The following is a quick soil mixture you can prepare before you repot your snake plant:
- Two parts coarse sand or perlite
- One part peat moss or coconut coir
- One part standard indoor potting soil mixture
Once you have combined each element of your homemade snake plant soil, you can mix everything together using your hands or a small garden shovel. Remember that the soil mixture should be loose enough to drain properly, so make sure you avoid patting down to the point that it is overly compact.
How to Repot a Snake Plant – Step-by-step Guide
Step 1 – Choose an Appropriate Pot
Not only is important to buy or prepare a well-draining soil mix for your snake plant, but it is also important that you choose an appropriate pot. Most types of snake plants tend to grow quite tall and in an upright direction, so they can be fairly top-heavy.
This is why you will need a pot with a fairly wide bottom. Aim for a pot that is wider at the bottom than it is tall. Since you are repotting your snake plant, you will want to choose a pot that has a wider diameter than the plant’s previous container.
To help with drainage, you will also want to choose a pot that has at least one drainage hole on the bottom.
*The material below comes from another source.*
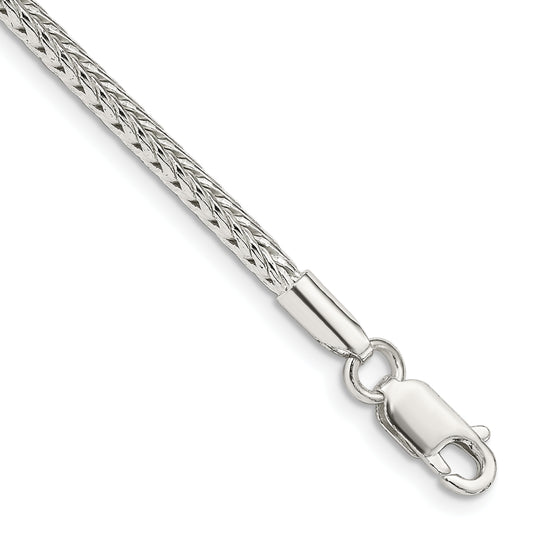 7 Inch Sterling Silver 2.5mm Diamond-Cut Round Franco Chain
This will allow any excess water to drain away from the roots, rather than the pool at the bottom of the pot.
Step 2 – Prepare the Pot
Once you have chosen the right pot, you can fill it with about a third of it with an appropriate soil mixture. Remember, avoid packing the soil tight, as it should remain loose enough to properly drain.
Step 3 – Lift Your Snake Plant
At this point, it is time to remove your snake plant from its existing pot. If you find that it will not come out easily, you can water the soil, as this will help to loosen the roots and make it easier to pull the plant out without damaging it.
Place one hand over the top of the soil and slowly turn the pot upside down. You can pat the bottom of the pot if the plant is stuck. Once the plant has come out of the pot, you can inspect the roots. If you notice any of them look overly soft, or they have a dark, waterlogged appearance, you can trim them away with a clean knife. This will help you prevent root rot from spreading once your snake plant is in its new home.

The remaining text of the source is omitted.